Indiana University SPEA Edward J. Bloustein School of Planning and Public Policy University of Pennsylvania AIR American University

Panel Paper: Are Early Childhood Disparities Narrowing? the Changing Nature of Early Childhood and Its Link to Narrowing School-Entry Achievement Gaps

Friday, November 13, 2015 : 1:30 PM
Merrick I (Hyatt Regency Miami)

*Names in bold indicate Presenter

Daphna Bassok1, RaeHyuck Lee2, Sean F. Reardon3 and Jane Waldfogel2, (1)University of Virginia, (2)Columbia University, (3)Stanford University
Over the past two decades, a large body of research has demonstrated the importance of early childhood as a uniquely formative period in the lifespan and therefore a period with immense potential for policy initiatives to yield high returns on investment.   Recent decades have been characterized by unprecedented policy interest in children’s early life experiences, with heightened investments in policies such as public preschool expansion and home visitation programs.  Similarly, major advocacy initiatives like the “Thirty Million Words Initiative” or former Secretary of State Hillary Clinton’s “Too Small to Fail” aim to change the early home environments of low-income children.  These efforts are predicated on the notion that gaps in early childhood exposure to enriched environments have major and long-term implications both for individual children and for society.

Despite heightened investment in improving children’s early environments, we have relatively little evidence about the extent to which children’s early experiences have actually changed over time.   Existing studies suggest that overall, parental investments, as measured by either dollars spent or time spent, have been on the rise since the nineties, and that the rate of change has been particularly pronounced among high income families (Murnane & Duncan, 2011; Ramey & Ramey, 2010).  However, these accounts do not focus specifically on early childhood and do not extend as recently. 

Two recent studies suggest that socio-economic “school readiness gaps,” measured at age five, have narrowed meaningfully between 1998 and 2010 (Bassok & Latham, 2015; Reardon & Portilla, 2015).   These encouraging findings suggest that perhaps, counter to the existing literature, in recent years socioeconomic gaps in children’s early environments have in fact narrowed.  To date no studies have examined whether this is the case.  In the current study we use two large, nationally representative datasets of kindergarten entrants to document first: how have children’s early childhood experiences changed between 1998 and 2010?  Second, to what extent have socioeconomic gaps in children’s early experiences changed over time?  And finally, did differential changes in early childhood experiences across sub-groups lead to a narrowing of achievement gaps?
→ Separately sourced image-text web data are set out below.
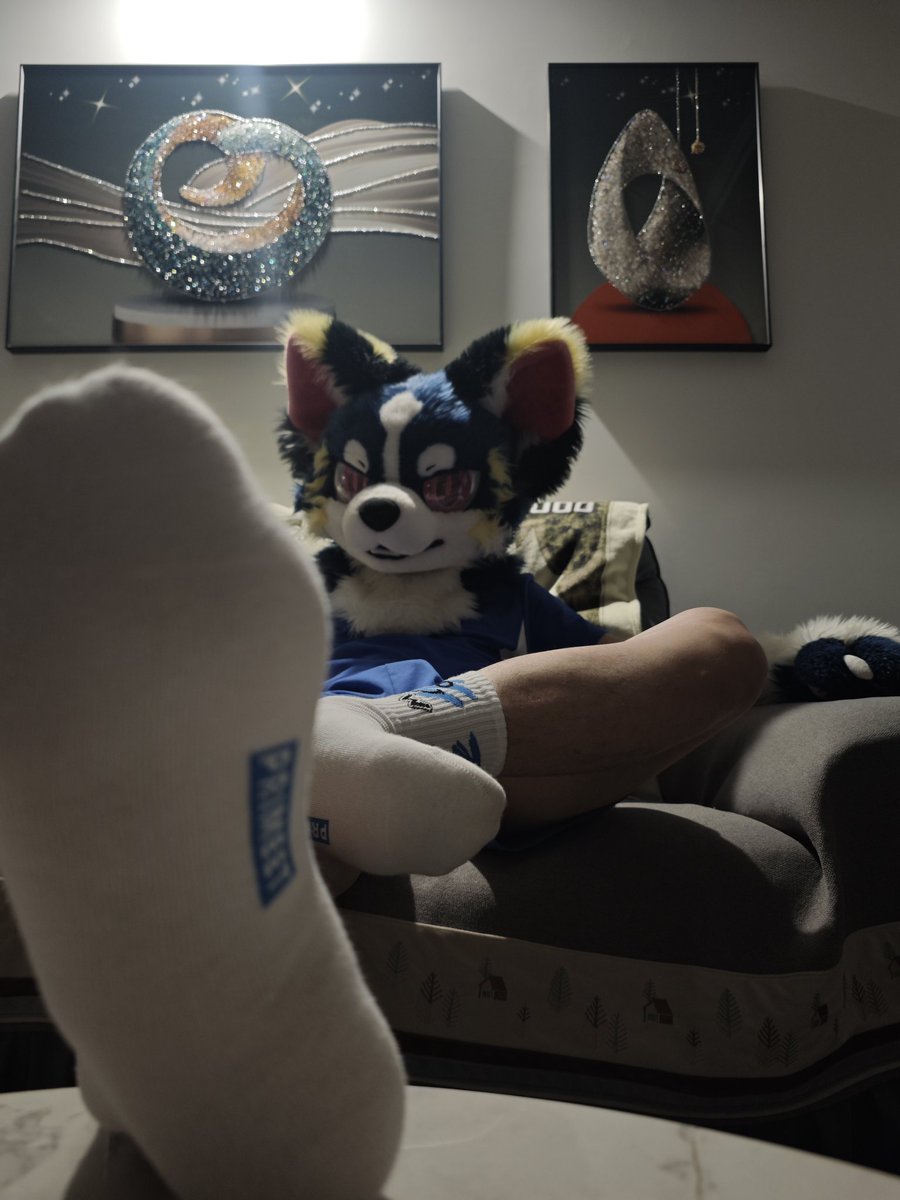 白🧦🧦~~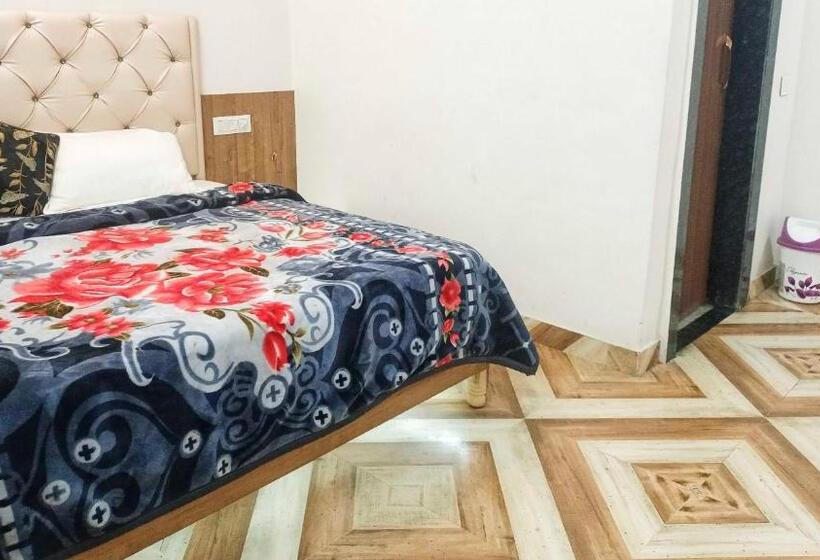 Отель Pop 84706  J S R Palace Gardens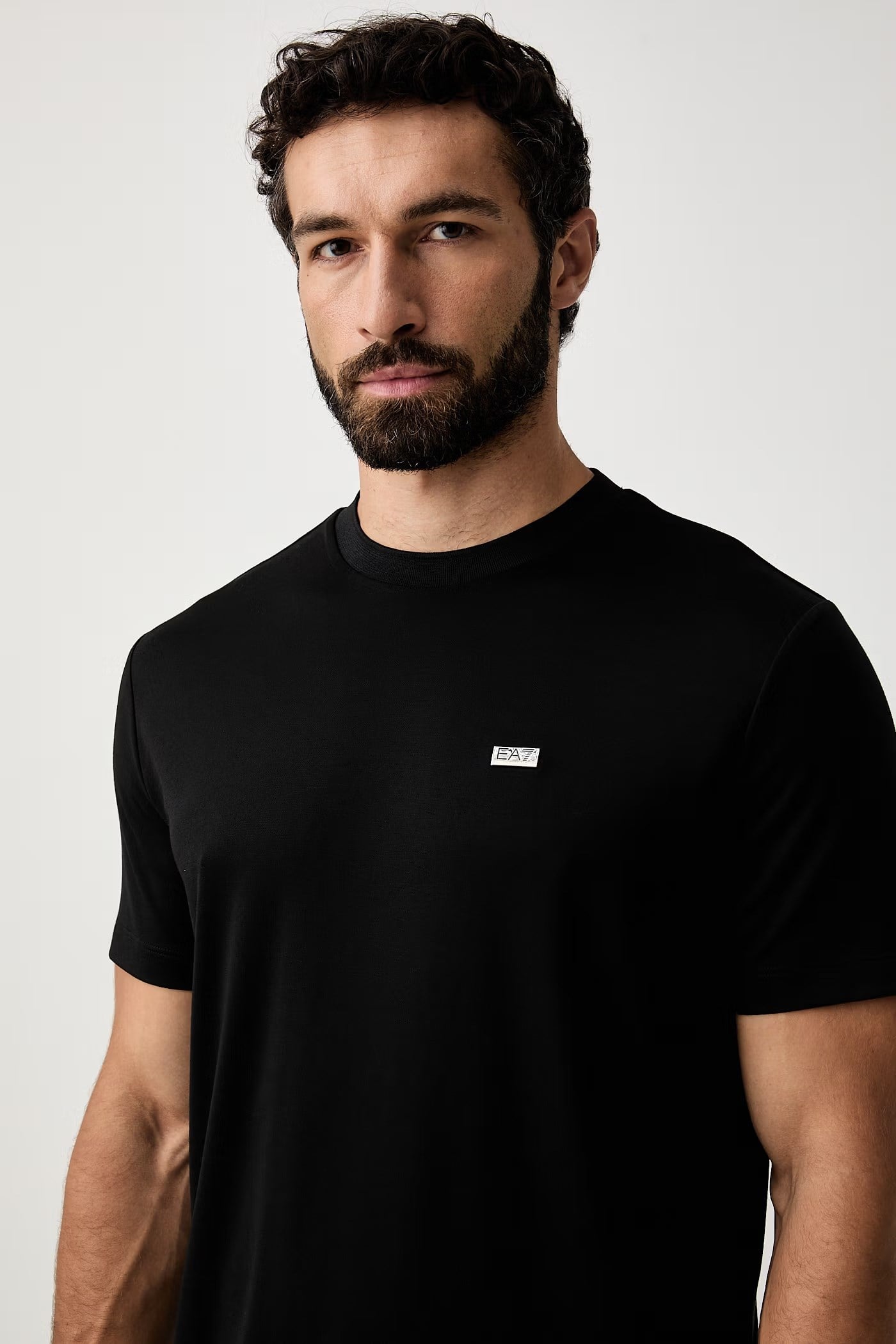 EA7 Ea7 Erkek Normal Kalıp Yumuşak Dokuma Kumaşlı Plaka Logolu Kısa Kollu Siyah T-Shirt 7M002096 AF13862-UC001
We investigate changes along five dimensions of children’s early life experiences: (1) exposure to preschool; (2) active parental engagement (e.g. joint child-parent activities and outings); (3) home resources (e.g. books in the home, access to a computer); (4) parenting approaches (e.g. use of disciplinary practices); and (5) family demographics and structure (e.g. number of children in the home).  Our preliminary findings indicate large changes in some, though not all, dimensions of children’s early life experiences, generally in the direction posited to improve children’s development. Changes in frequency of family outings, exposure to a home computer, and use of harsh discipline were most pronounced for low-income children and were consistent with the hypothesis that the early environment gap is narrowing.  We are now modeling whether the changes in these experiences help account for the previously reported narrowing of school entry gaps on direct- and teacher-reported measures of children’s literacy, numeracy and social skills.